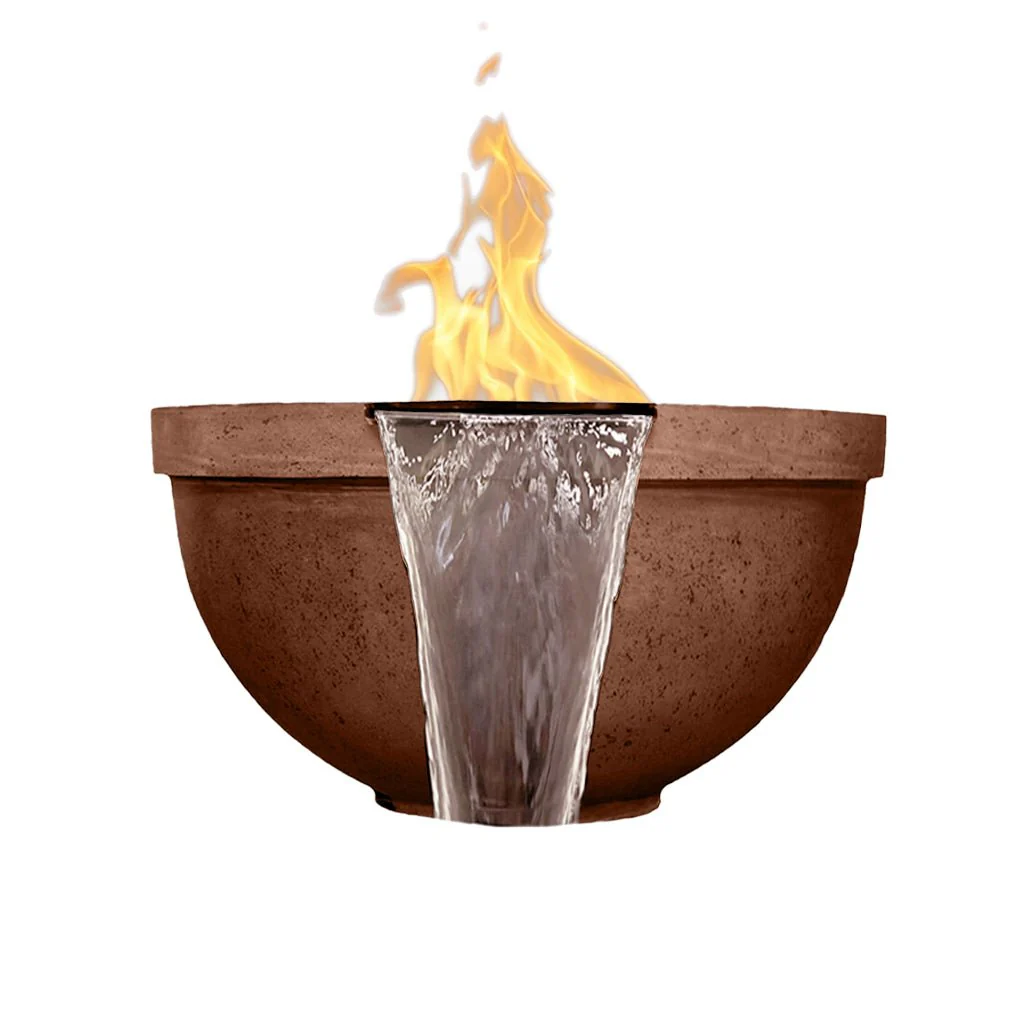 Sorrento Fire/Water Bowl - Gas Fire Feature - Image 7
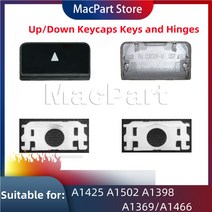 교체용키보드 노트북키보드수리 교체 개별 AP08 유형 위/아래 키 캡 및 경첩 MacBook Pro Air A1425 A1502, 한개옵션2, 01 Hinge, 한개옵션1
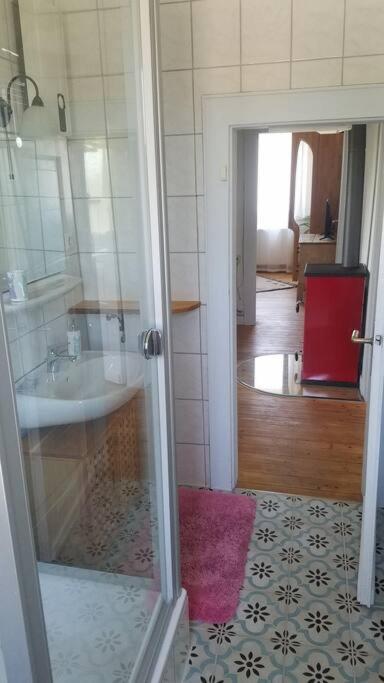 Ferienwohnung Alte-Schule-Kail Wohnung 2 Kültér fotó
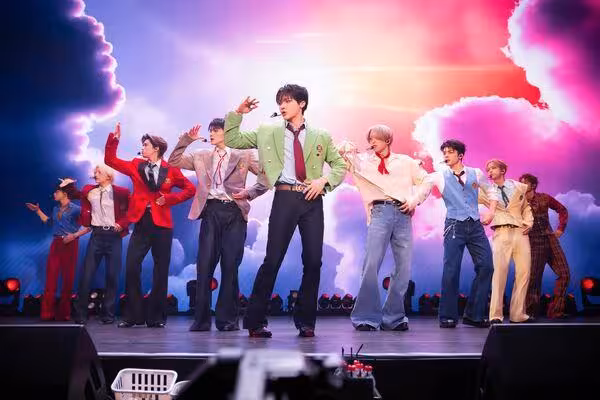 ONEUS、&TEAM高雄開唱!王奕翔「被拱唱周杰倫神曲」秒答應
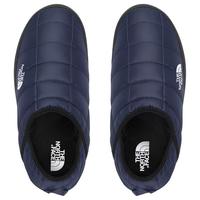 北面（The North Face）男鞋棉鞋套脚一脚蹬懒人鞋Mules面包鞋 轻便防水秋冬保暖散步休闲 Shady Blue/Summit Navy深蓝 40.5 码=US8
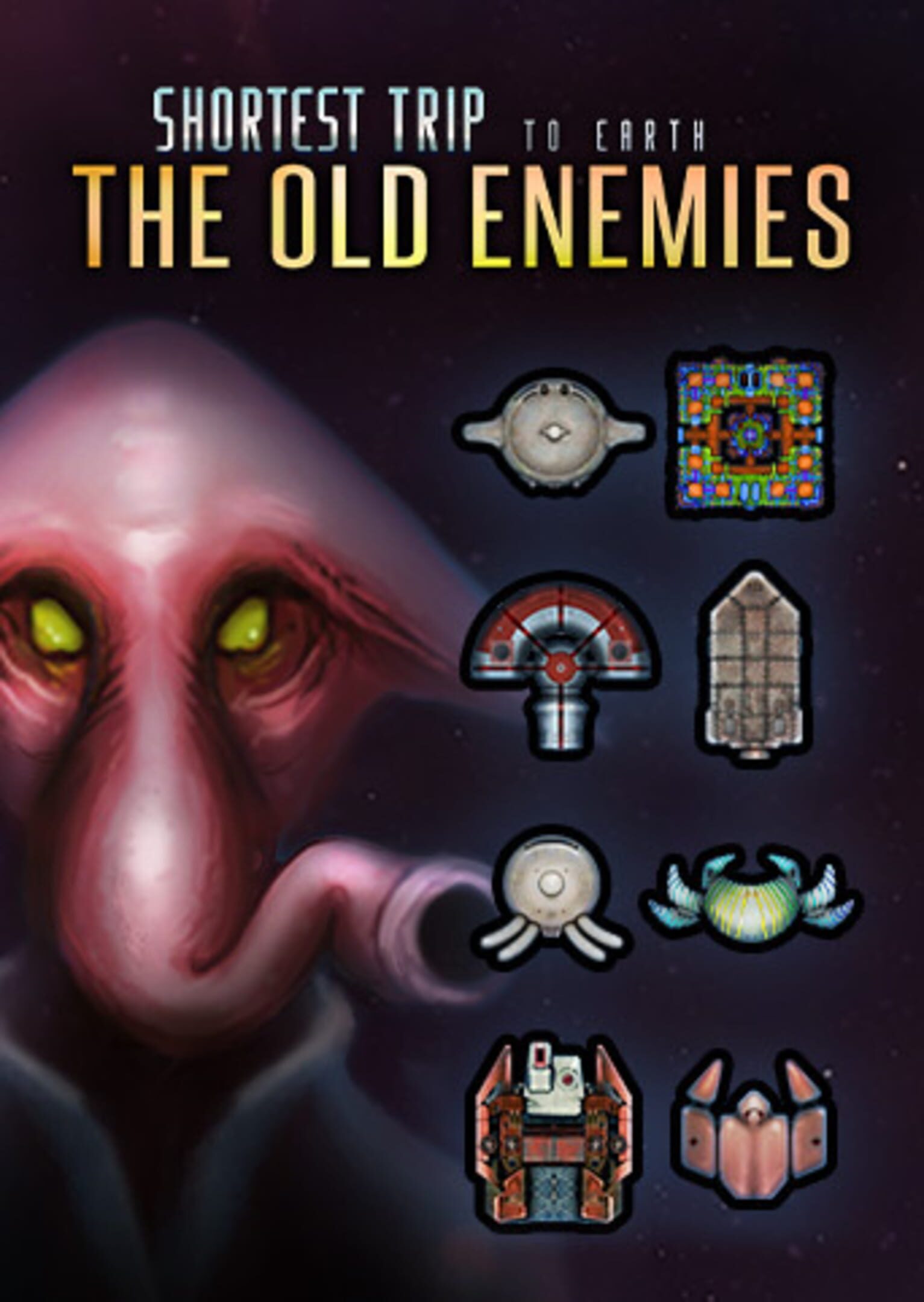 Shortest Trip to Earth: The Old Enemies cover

┄┄┄┄┄┄┄┄┄┄┄┄┄┄┄┄┄┄┄┄

→ Goal of the exercise
A word-for-word copy of the data above is needed, one that omits the pictures.

→ Completed task
 Sorrento Fire/Water Bowl - Gas Fire Feature - Image 7
 교체용키보드 노트북키보드수리 교체 개별 AP08 유형 위/아래 키 캡 및 경첩 MacBook Pro Air A1425 A1502, 한개옵션2, 01 Hinge, 한개옵션1
 Ferienwohnung Alte-Schule-Kail Wohnung 2 Kültér fotó
 ONEUS、&TEAM高雄開唱!王奕翔「被拱唱周杰倫神曲」秒答應
 北面（The North Face）男鞋棉鞋套脚一脚蹬懒人鞋Mules面包鞋 轻便防水秋冬保暖散步休闲 Shady Blue/Summit Navy深蓝 40.5 码=US8
 Shortest Trip to Earth: The Old Enemies cover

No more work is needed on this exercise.